Cezanne vs. Picasso vs. Gladwell

"I was going to comment on a recent lecture New Yorker writer Malcolm

Gladwell gave to a conference of high school math teachers on how some
students are like Picasso and everything comes quickly to them, while
others are like Cezanne, where it takes them a long time before they
become geniuses.

I came up with a theory about why he chose those particular analogies for
math students, but then Google showed that in reality he's been wedging
Picasso v. Cezanne into just about any of his recent speeches, no matter
what the subject: oldies Classic Rock (see, the Eagles were like Picasso,
while Fleetwood Mac was like Cezanne); American health care policy
("Gladwell: Health-care system needs Cezanne, not Picasso or Michael
Moore"); and how to run your corporate R&D department ("Is Your Company a
Cezanne or a Picasso?")
Nice work if you can get it!

The back story is that Malcolm developed his latest crush on a professor,
U. of Chicago economist David W. Galenson, and wrote an article about
Galenson's theory that there are two types of artists: quick-blooming
conceptualists and slow-blooming experimentalists.
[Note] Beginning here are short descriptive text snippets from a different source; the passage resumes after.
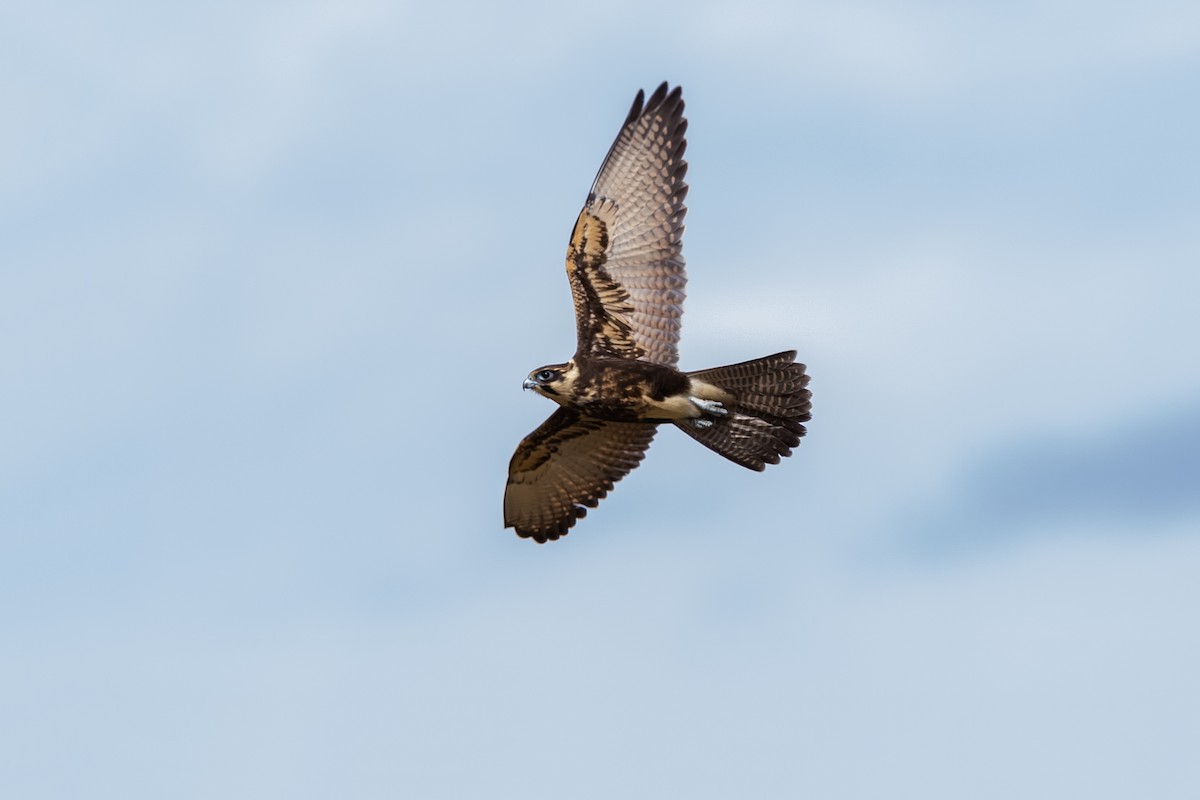 Brown Falcon - Stefan Hirsch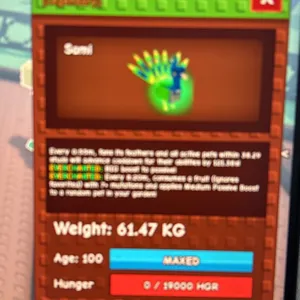 60Kg+ EC Peacock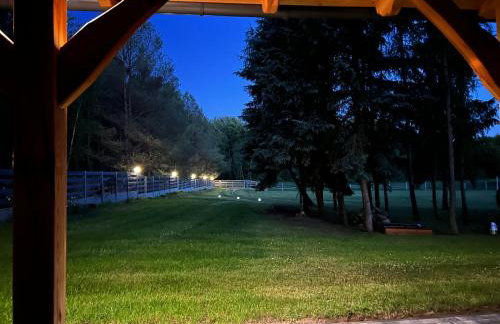 Agroturystyka PLENER - Foto 22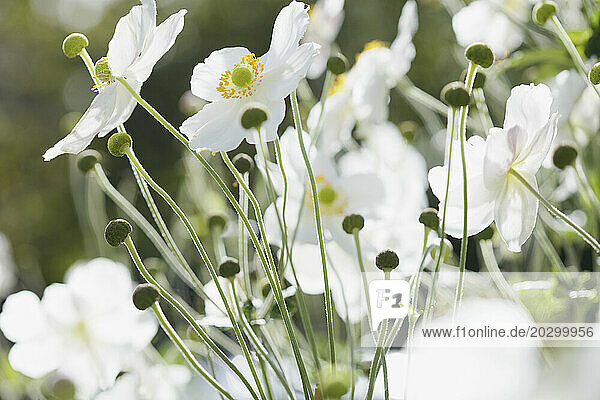 White Wood Anemone Flowers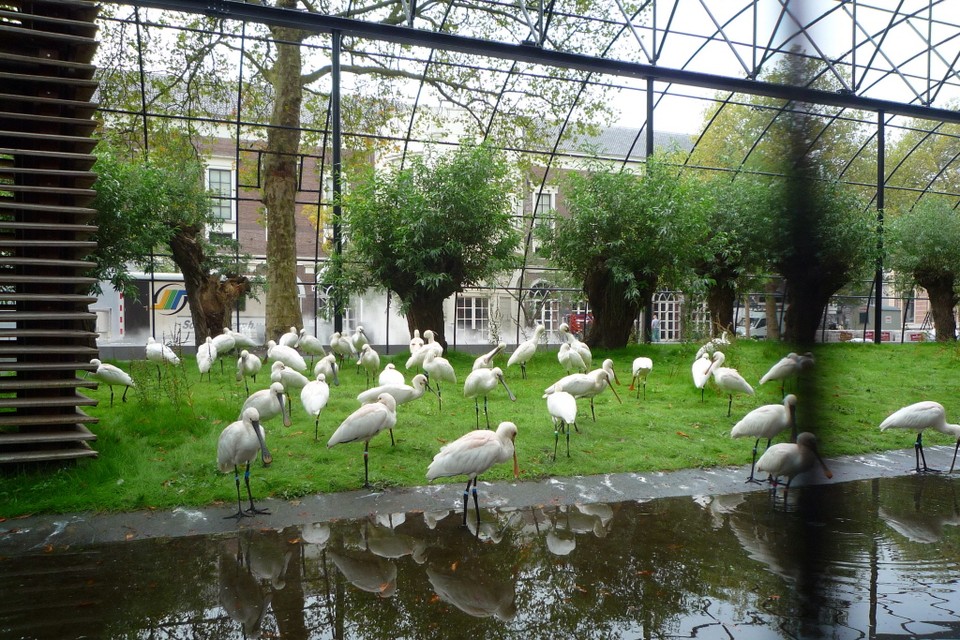 De grootste lepelaarskolonie in een kooi geïnspireerd op Hollands polderlandschap. Foto’s Rien Floris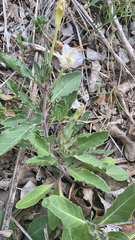 Ruellia nudiflora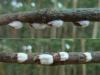 141213 – Photo : Bobabar – France (75)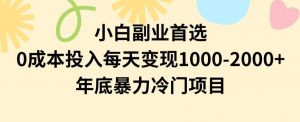 小白副业首选，0成本投入，每天变现1000-2000年底暴力冷门项目【揭秘】-虚拟资源库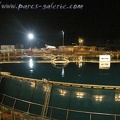 Marineland_Antibes_-_006.jpg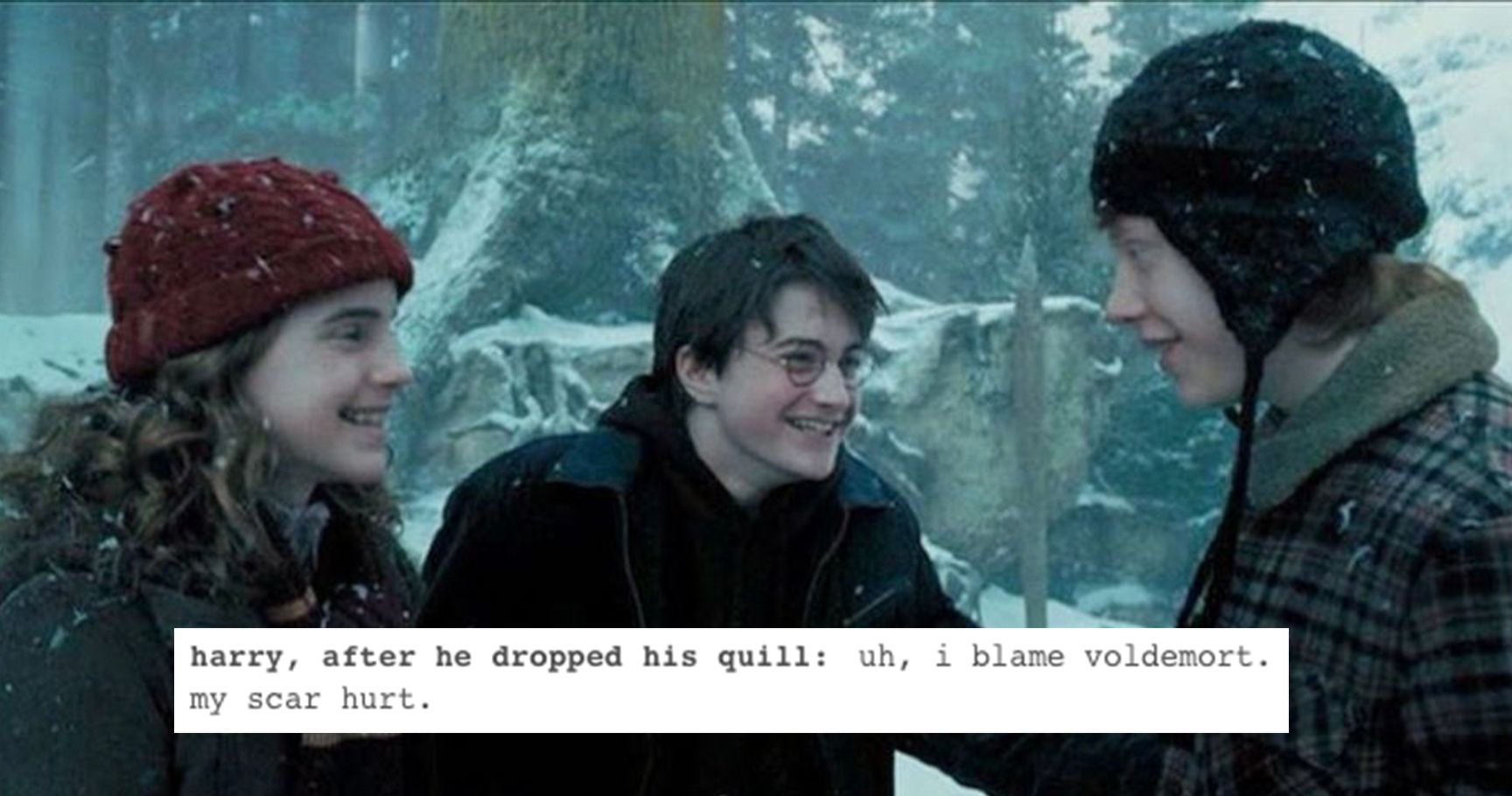 15-hilariously-incorrect-harry-potter-quotes-that-will-make-any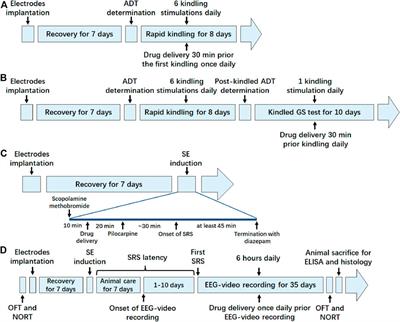 Anti-Epileptic Effect of Crocin on Experimental Temporal Lobe Epilepsy in Mice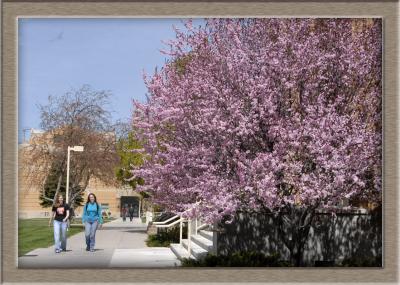 Springtime on the ISU Campus smallfile _DSC0021.jpg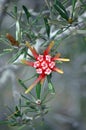 Australian native Mountain Devil flower, Lambertia formosa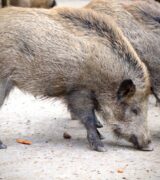 Problem obecności dzików na Ratajach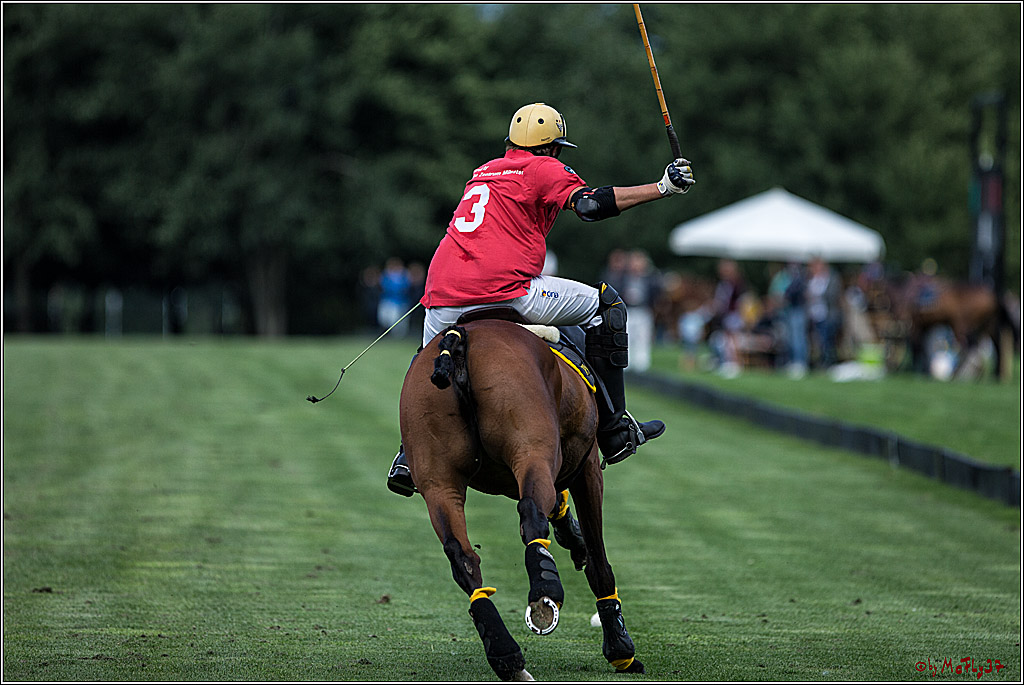 Polo Picknick Muenster 2017, 28.07.2017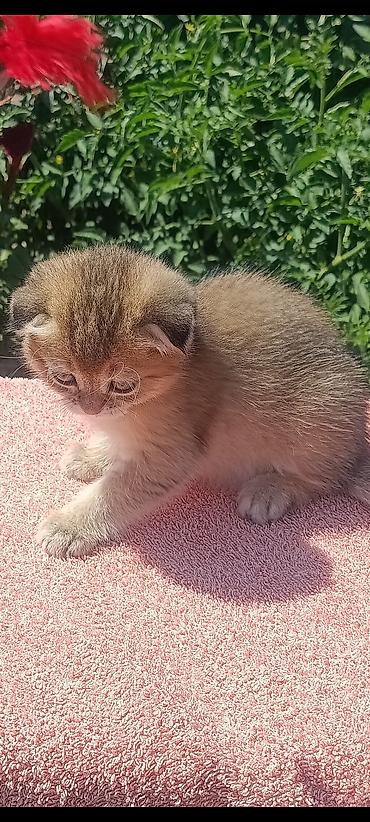 кошка скоттиш фолд цена: Скотиш Фолд (Шотландская вислоухая), 1 месяц, Девочка, Золотая шиншилла, Приучена к лотку, Проглистована — 10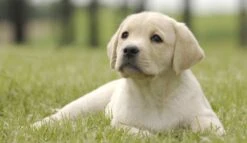 Page Toiletpapier - Eco - Duurzaam - 24 Rollen - Voordeelverpakking -Thuis Opslag Winkel 1200x697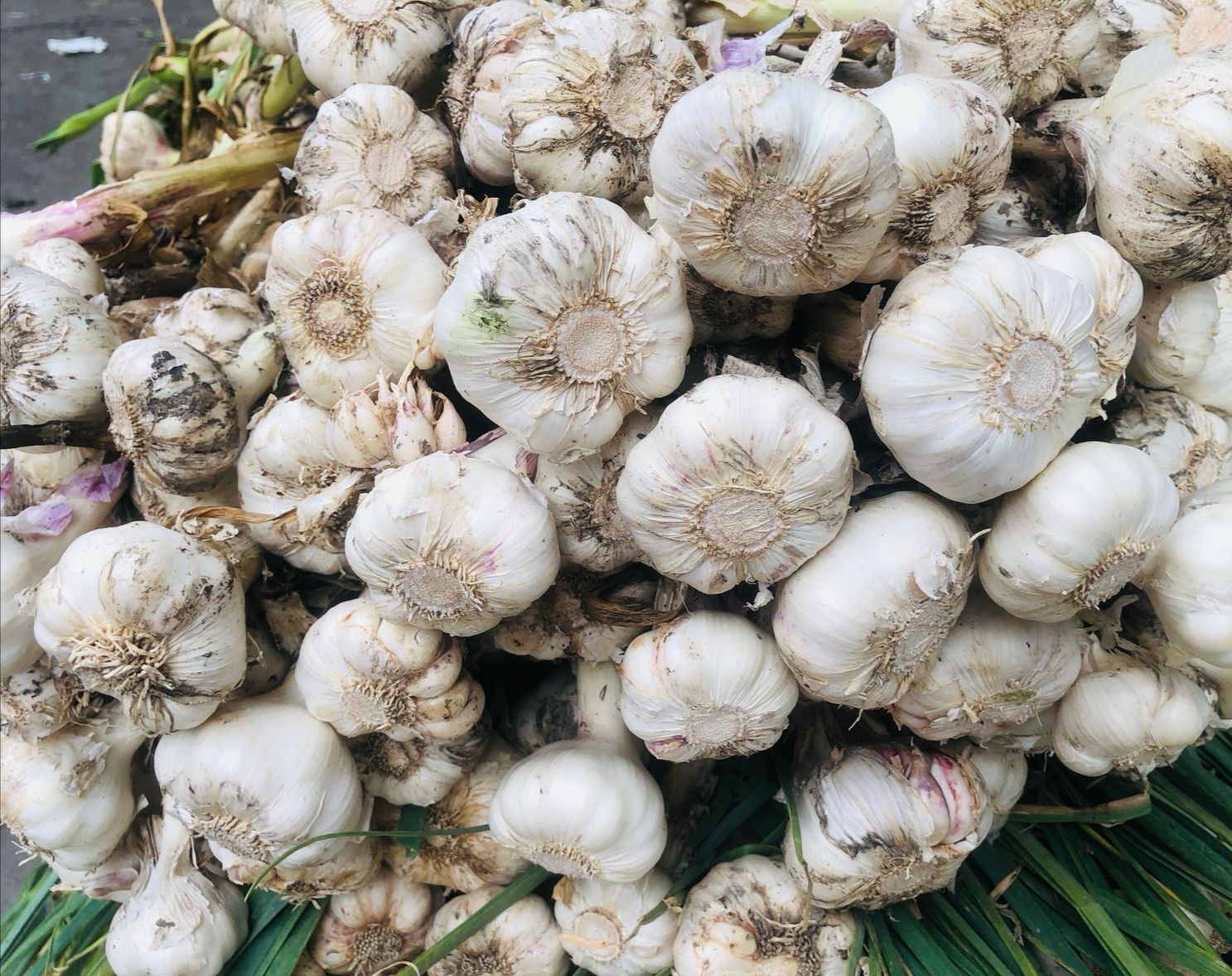 ثوم أخضر عراقي _0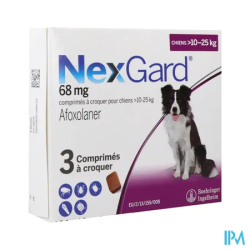 NEXGARD CHIEN L 10-25KG CP 3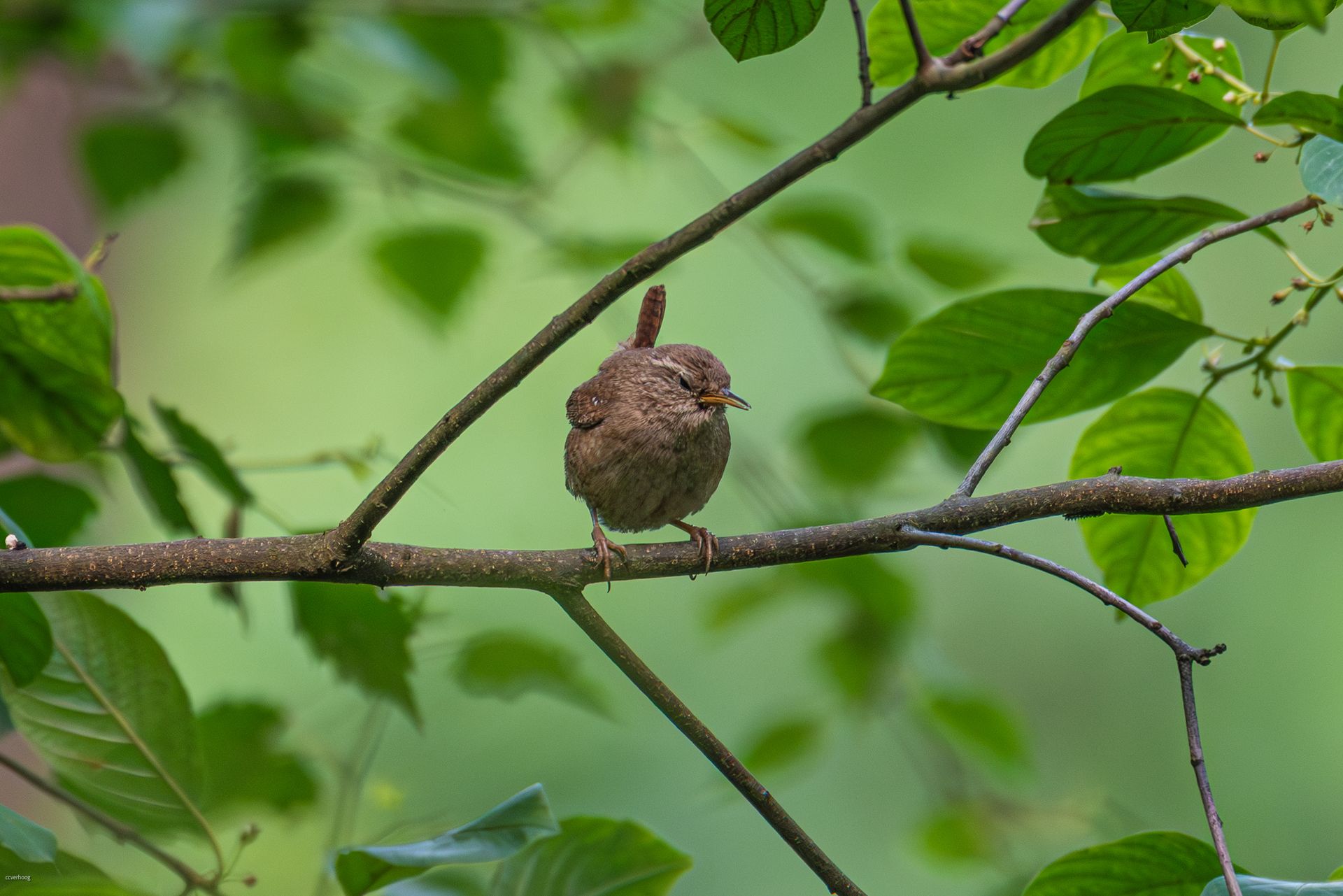 Een klein bruin vogeltje met een rechtopstaande staart zit op een boomtak, omringd door groene bladeren.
Gladwell's article was
evidently so silly that, despite Gladwell's huge popularity, the New
Yorker rejected it, so Gladwell has been recycling it in speeches.

Enough about Gladwell. Let's take a look at Galenson's website:

"When in their lives do great artists produce their greatest art? Do
they strive for creative perfection throughout decades of painstaking and
frustrating experimentation, or do they achieve it confidently and
decisively, through meticulous planning that yields masterpieces early in
their lives?

By examining the careers not only of great painters but also of
important sculptors, poets, novelists, and movie directors, Old Masters
and Young Geniuses offers a profound new understanding of artistic
creativity. Using a wide range of evidence, David Galenson demonstrates
that there are two fundamentally different approaches to innovation, and
that each is associated with a distinct pattern of discovery over a
lifetime.

Experimental innovators work by trial and error, and arrive at their
major contributions gradually, late in life. In contrast, conceptual
innovators make sudden breakthroughs by formulating new ideas, usually at
an early age. Galenson shows why such artists as Michelangelo, Rembrandt,
CĂ©zanne, Jackson Pollock, Virginia Woolf, Robert Frost, and Alfred
Hitchcock were experimental old masters, and why Vermeer, van Gogh,
Picasso, Herman Melville, James Joyce, Sylvia Plath, and Orson Welles were
conceptual young geniuses. He also explains how this changes our
understanding of art and its past.

Experimental innovators seek, and conceptual innovators find."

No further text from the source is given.